## DIRECTIONS FOR THIS TASK
Retype the opening lines of the data exactly, stopping after the line that contains "Generative AI Black". Skip every picture.

## DATA FOR THIS EXERCISE
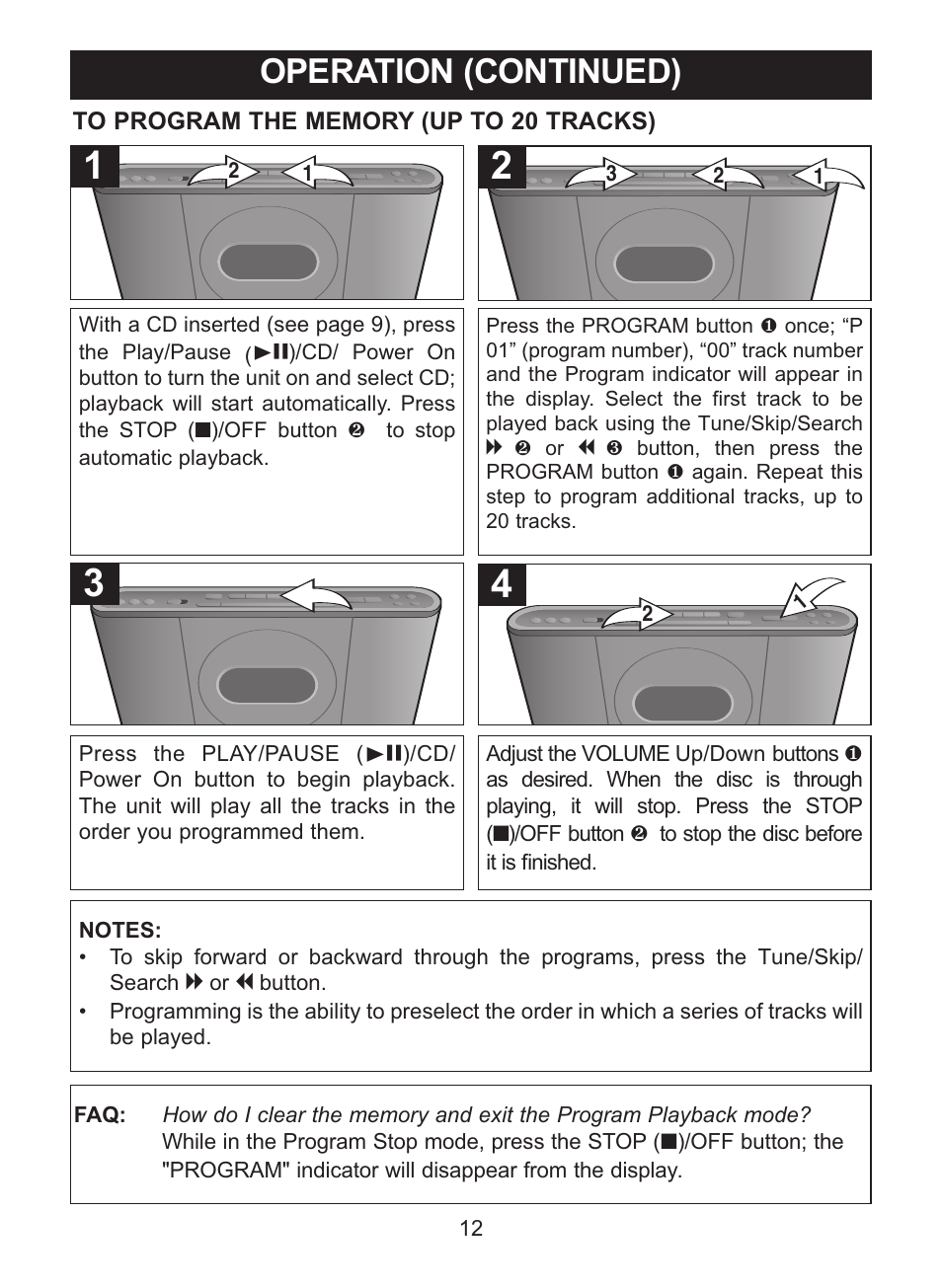 Operation (continued) | Memorex MC7101 User Manual | Page 13 / 22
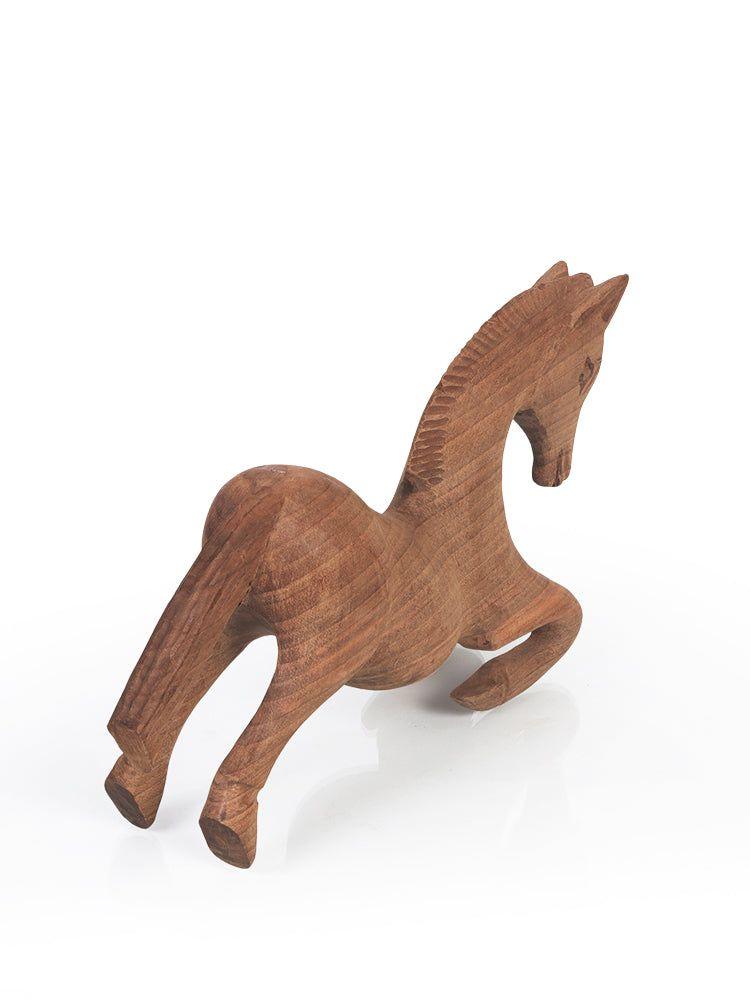 Elegant Kashmiri Carved Walnut Wood Jumping Horse - Collector's Art - Hamiast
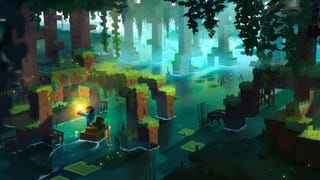 Concept art of characters rowing a boat under the roots of a mangrove tree in Minecraft The Wild update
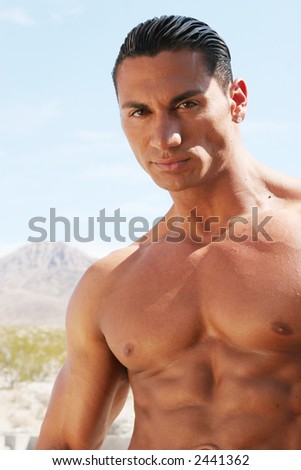 Muscular body builder man portrait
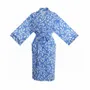 Sleepwear - Long Cotton Kimono - Large Leaf Blue - LIME TREE DESIGN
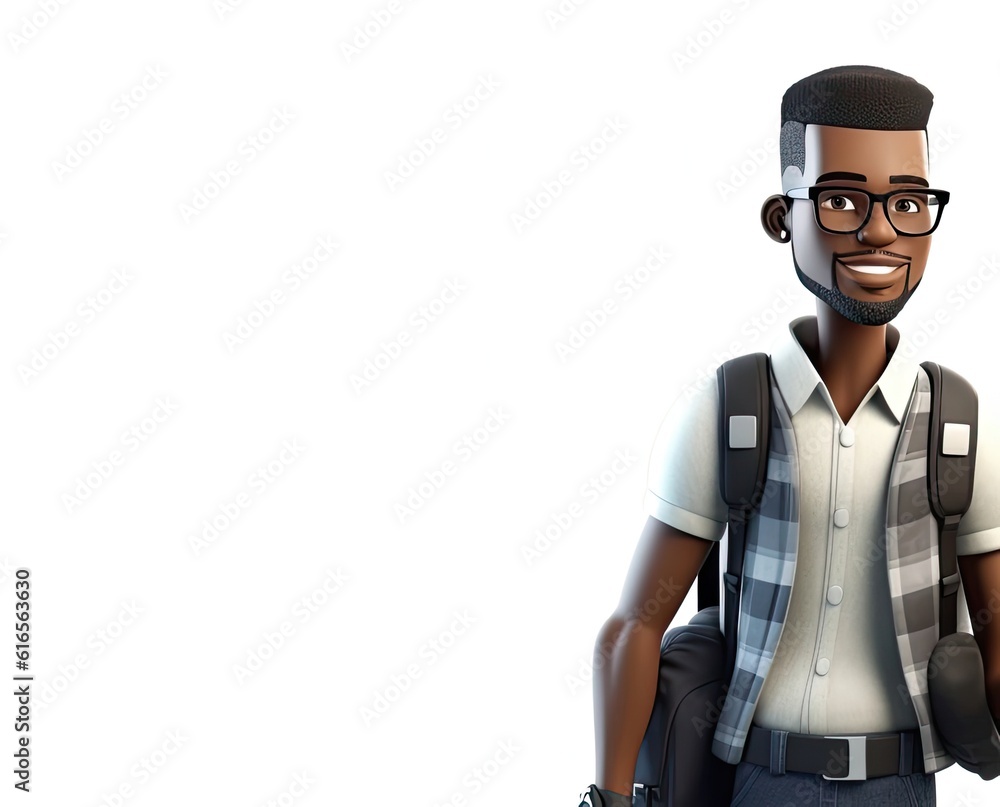 Black Man Software Developer Isolated White Backdrop Good Looking With Copy Space Generative AI Black Man Software Developer Isolated White Backdrop Good Looking With Copy Space Generative AI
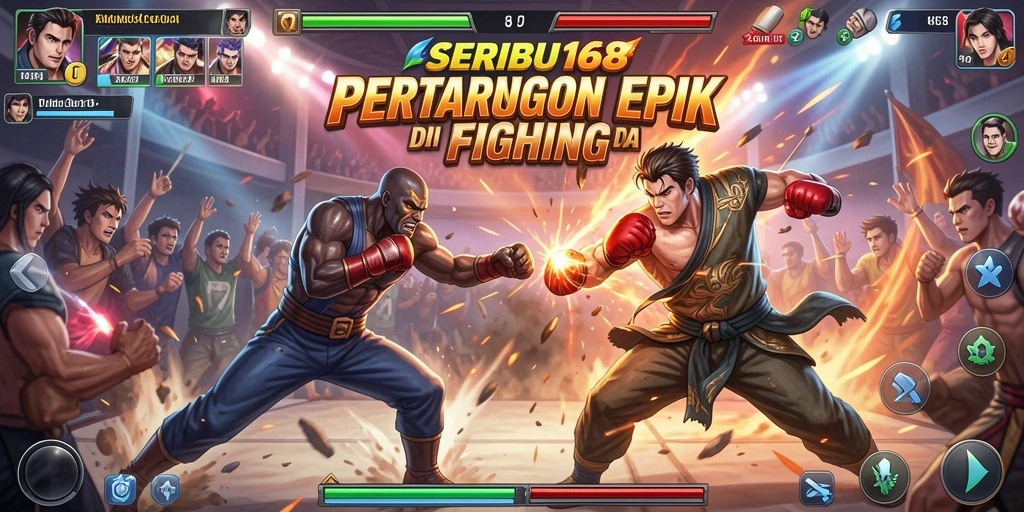 Tangkapan layar utama SERIBU168 menampilkan arena pertarungan yang mendebarkan.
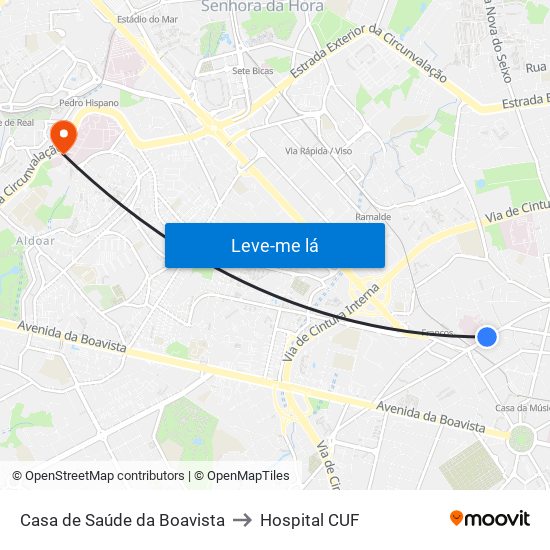 Casa de Saúde da Boavista to Hospital CUF map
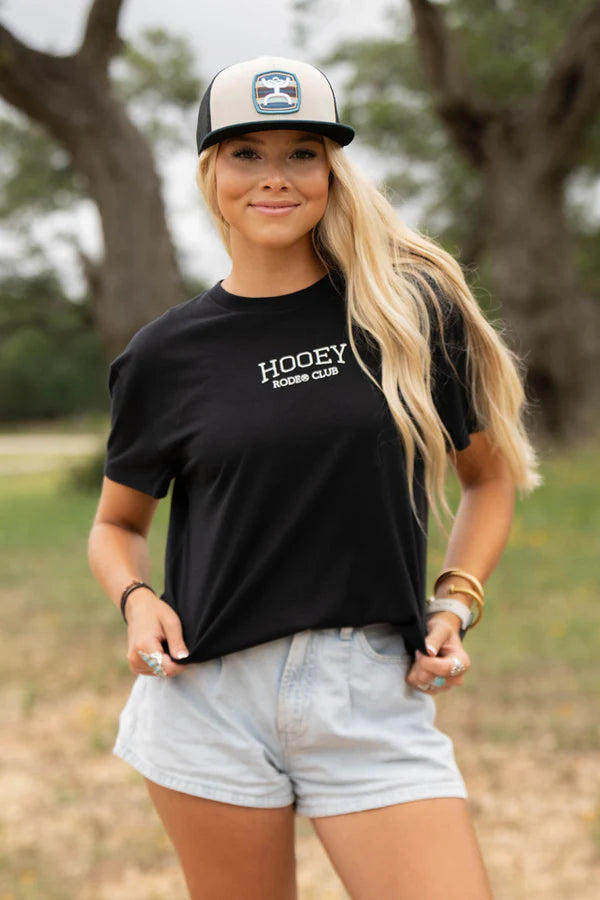 Hooey Women's S/S Social Club Graphic Tee in Black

## RESULT
 Operation (continued) | Memorex MC7101 User Manual | Page 13 / 22
 Elegant Kashmiri Carved Walnut Wood Jumping Horse - Collector's Art - Hamiast
 Concept art of characters rowing a boat under the roots of a mangrove tree in Minecraft The Wild update
 Muscular body builder man portrait
 Sleepwear - Long Cotton Kimono - Large Leaf Blue - LIME TREE DESIGN
 Black Man Software Developer Isolated White Backdrop Good Looking With Copy Space Generative AI Black Man Software Developer Isolated White Backdrop Good Looking With Copy Space Generative AI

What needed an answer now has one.